L’entraînement au sauvetage des sous-marins est plus compliqué dans la marine nationale

  • Dernière mise à jour le 23 septembre 2009.

Depuis le désarmement des sous-marins classiques, la marine nationale n’est plus en mesure d’effectuer aussi facilement que par le passé des exercices de sauvetage de sous-marins, comme le fait par exemple cette semaine la marine espagnole : pour Cartago 09, ce sont au total 8 bâtiments de surface qui participent au sauvetage d’un sous-marin bloqué au fond, sans compter les différents avions et hélicoptères.

A l’origine de ces difficultés : l’ensemble des mesures de sécurité devant être prises à cause de la propulsion nucléaire des sous-marins français.
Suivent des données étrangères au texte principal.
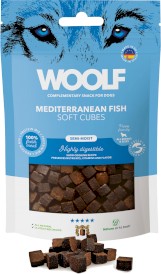 WOOLF Soft Cubes Mediterranean Fish Ryba 100g - Zdjęcie główne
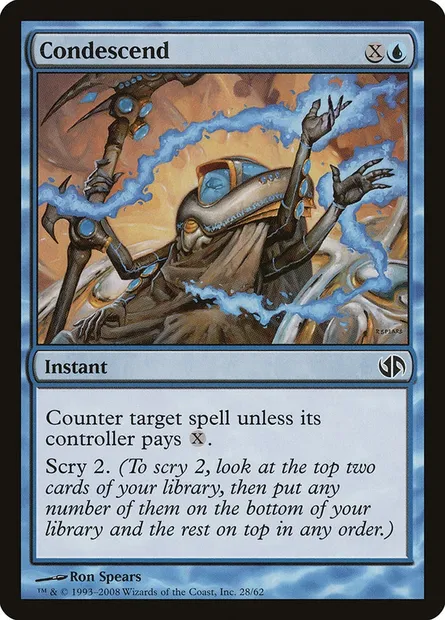 Condescend, Magic card DD2 28 — Duel Decks: Jace vs. Chandra set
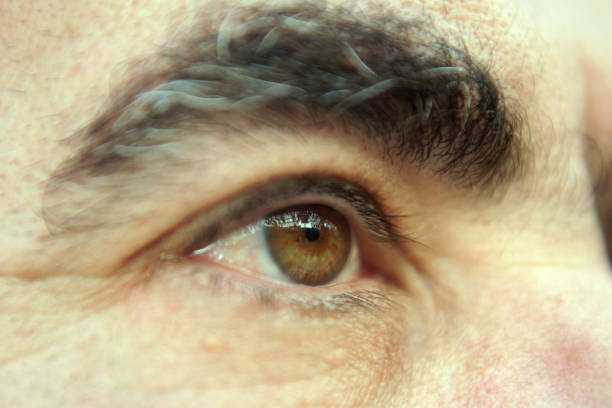 istock close up green- hazel eye 1155506349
Les contraintes et limitations s’expliquent par le fait qu’on ne peut pas faire faire à un sous-marin nucléaire les mêmes manœuvres qu’à un sous-marin classique. Il y a bien évidemment les différences de taille. Mais interviennent aussi les mesures de sécurité liées au réacteur nucléaire. L’une d’entre elles est particulièrement pénalisante : il est en effet interdit de poser un sous-marin nucléaire sur le fond. La raison de cette interdiction est liée au refroidissement du réacteur, qui ne doit jamais être interrompu. Or, l’eau de mer nécessaire est aspirée sous la coque. Si le sous-marin se posait sur le fond, les aspirations risqueraient d’aspirer de la vase ou du sable ou d’être bouchées, et de compromettre le refroidissement.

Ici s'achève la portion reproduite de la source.